For Elliott, the question might be about why he hates medicine and bioethics or what the contours might be of a hatred that is so interwoven with the anger-driven hope that whistleblowing or writing about whistleblowing might awaken the benumbed consciences of the so-called healers or the ethicists who claim to be the awakeners.
Faulkner, like Elliott or like Quentin Compson, both loved and hated the South. Elliott’s relationship to the South and its tradition of honor is similarly ambivalence. He describes, with both horror and fascination, the way that South Carolina Representative Preston Brooks nearly beat Massachusetts Senator Charles Sumner to death in May of 1856 because Sumner had insulted the honor of Brooks’ family. The beating shocked the Senate but made Brooks a folk hero in South Carolina. The honor ethic persists. “Few whistleblowers resort to violence,” Elliott writes, “although I suspect some of the have fantasized about it.” He then describes with delight the pleasures of vengeance as portrayed in American movies like True Grit.

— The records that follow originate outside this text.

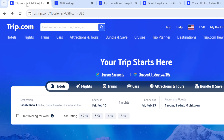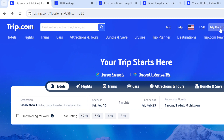Once you're on the website, at the top left corner you're going to see the trip.com logo. After that you see the search box where you can type out whatever destination, attraction, hotel, cruise, trip planner, and so on that you want to search. At the top right corner you're going to see Help, USD, My Bookings, and your profile icon.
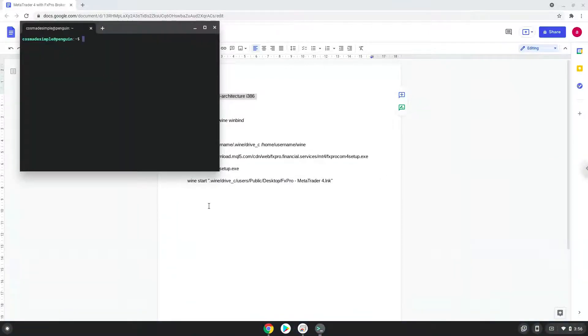Next, we will paste the command into our terminal, either with a two finger click on your terminal or click CTRL, SHIFT, and V together. This command will enable 32-bit architecture on your system.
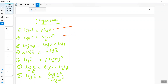The third formula: when you have log(xy), you can write it as log x plus log y. So when you have log(xy), you can write log x plus log y.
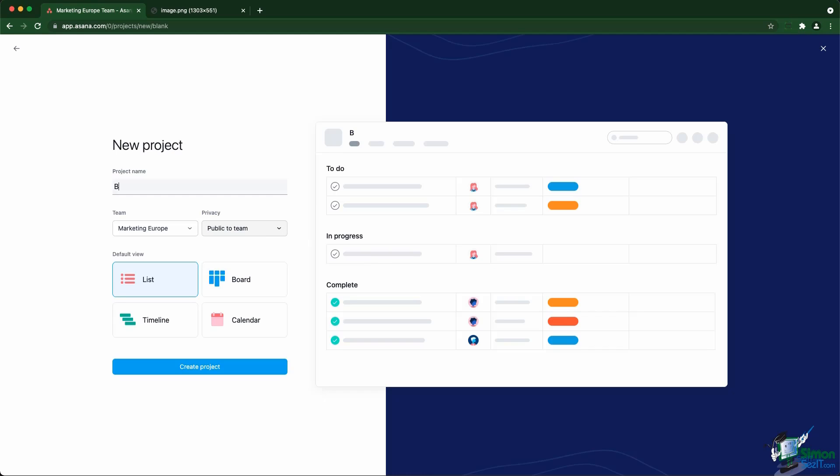Then we're going to decide on the name - blog management. The team is already chosen and we again have to choose the privacy settings of the project. Public to team is pretty straightforward - anyone that is a member of the team will see the project inside the team. And then private to project members means you're going to have to invite people in so they can see the project. Unlike teams, there's no request to join settings for the project - it's either private or public.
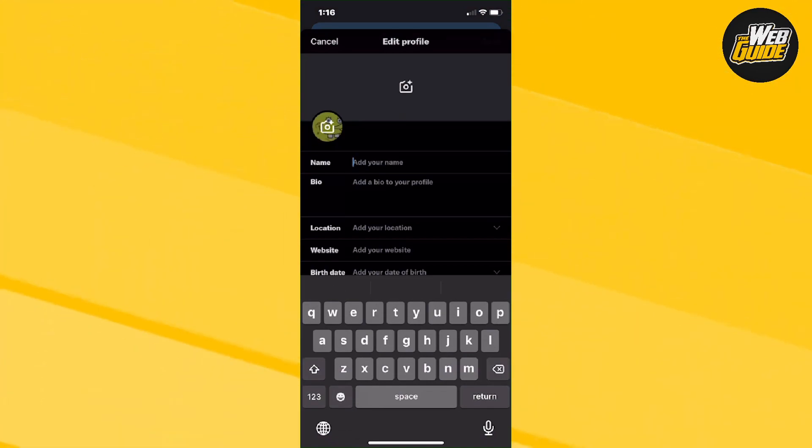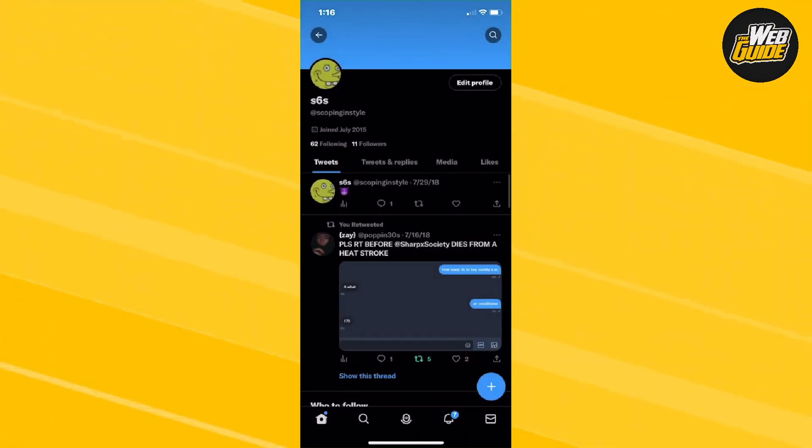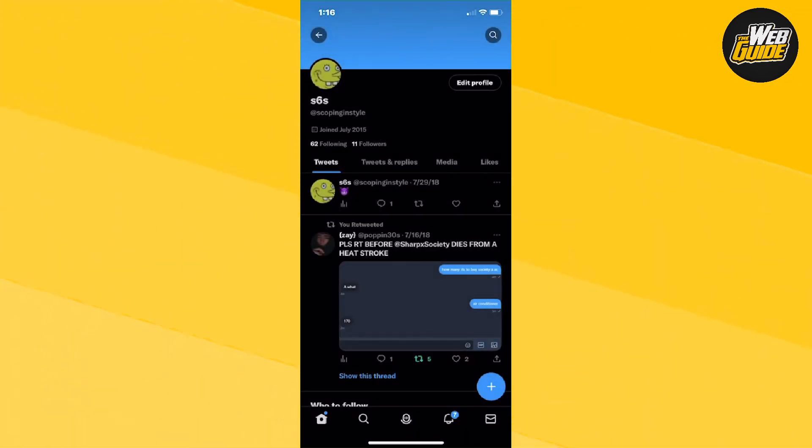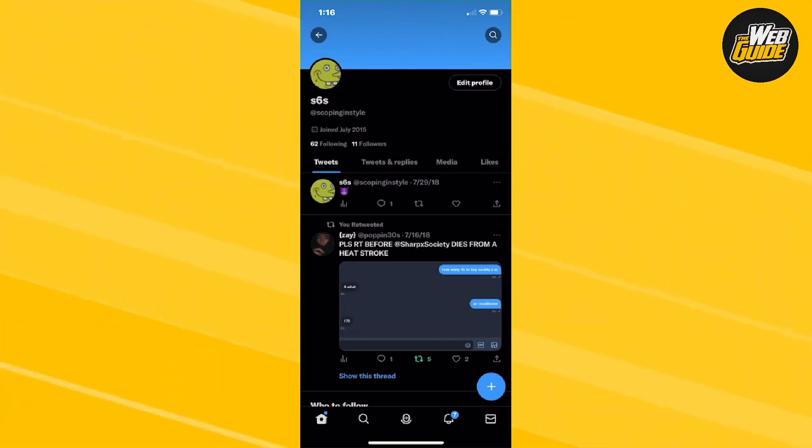Just change it to your preference, but that's how you change your display name on Twitter. It's very easy to do guys, but with that being said, leave a like on the video, subscribe to the channel, and I'll see you guys next time.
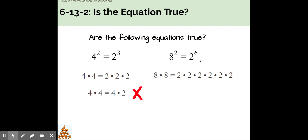Again, I can rewrite each side in expanded form like this. 8 times 8 is equal to 2 times 2 times 2 times 2 times 2 times 2. Based on the last equation, I know that 2 times 2 times 2 is equal to 8. I can replace each of the 2 times 2 times 2s with an 8 like this.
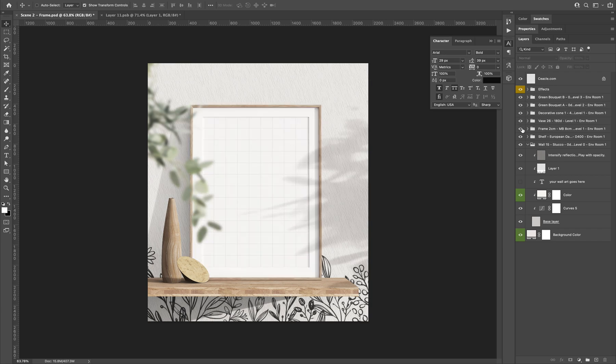Here I can even display the frame back. And that's how you add an artwork on the wall.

Elliott is advocating for a living, breathing, robust, and muscular ethics of virtue such as Faulkner describes in The Bear. “Courage, and honor, and pride and pity, and love of justice and of liberty. They all touch the heart, and what the heart holds to becomes truth, as far as we know the truth.” In such an ethics, rules and regulations are beside the point. A virtuous person becomes virtuous because they were raised right, raised to be discerning, raised to be able to see right and wrong and to be compelled to side with the right. In his Nobel acceptance speech, Faulkner suggested that the virtuous person does not seek “defeats in which nobody loses anything of value, of victories without hope and, worst of all, without pity or compassion.”
There are no victories in such ongoing struggles. The victory is in the fight, even if it inevitably ends in defeat.
Literary scholar Houston A. Baker Jr., saw Faulkner as daring readers “to enter with him into furious contest with and dreadful excavation of the past and of the Americas.” Elliott is doing the same, demanding that we confront the past not by imagining that rules and regulations made by the sinners will lead to salvation but by at least recognizing that manifold ways that we, all of us, have sinned.
Will it work?
Perhaps the best summary of an ethic of honor is Houston Baker’s summary, “Who else could have declared a war against a power with ten times the area and a hundred times the men and a thousand times the resources, except men who could believe that all necessary to conduct a successful war was not acumen nor shrewdness nor politics nor diplomacy nor money nor even integrity and simple arithmetic but just love of land and courage.” Such might be the philosophy of many whistleblowers.